As part of a collaborative and multi-developmental strategy, Bio-Gene wants to see its products developed into useful insecticides within multiple niche industries including crop protection, grain storage, public health and consumer products.
To achieve progress, Bio-Gene engaged several international companies and sent out samples of Flavocide and Qcide, while harnessing material transfer agreements, under which each company is tasked with undertaking their own testing programs.
According to the ag-tech company, all development partners have agreed on specific testing protocols and target pests with the company still able to access and discuss ongoing results with each respective R&D division.
Importantly, Bio-Gene’s intellectual property rights have been protected as part of the signed agreements – a total of seven across all four industry niches within which Flavocide and Qcide will ultimately be marketed.
Mitigating the mosquito threat
According to a report published by the World Health Organisation (WHO) in 2017, the worldwide insecticide market in public health is worth close to US$4 billion (A$6.3 billion) per year.
The mosquito threat remains a huge public health issue with more than half of the world’s population currently at risk from vector-borne diseases linked to mosquitos.
Globally, there are more than 200 million cases of malaria every year with over 400,000 people dying from the disease, most of them young children under the age of five.
The WHO also said that the mosquito-borne Zika virus was declared a global health emergency and that death as a result of Dengue Fever has increased 30-fold in the last 50 years – a clear indication that mosquitos remain one of the greatest threats to human health, especially in less developed countries.

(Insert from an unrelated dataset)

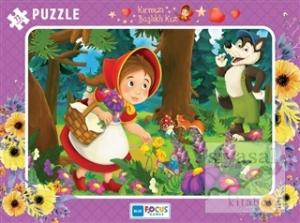 Kırmızı Başlıklı Kız 72 Parça Puzzle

Overall, the WHO reported that mosquito-borne diseases such as Malaria, Dengue, Zika collectively claim over 700,000 deaths every year.
A key caveat that could potentially lead to even greater morbidity, greater health costs – but serving up a commercial opportunity for Bio-Gene – is the estimation that the effectiveness of current insecticides is diminishing due to resistance.
“Today’s announcement represents an important milestone in Bio-Gene’s commercialisation strategy and a major advancement for our technology in the very significant public health vertical,” said Mr Jagger.
The news lifted Bio-Gene’s share price by almost 8% up to $0.21 per share in morning trade.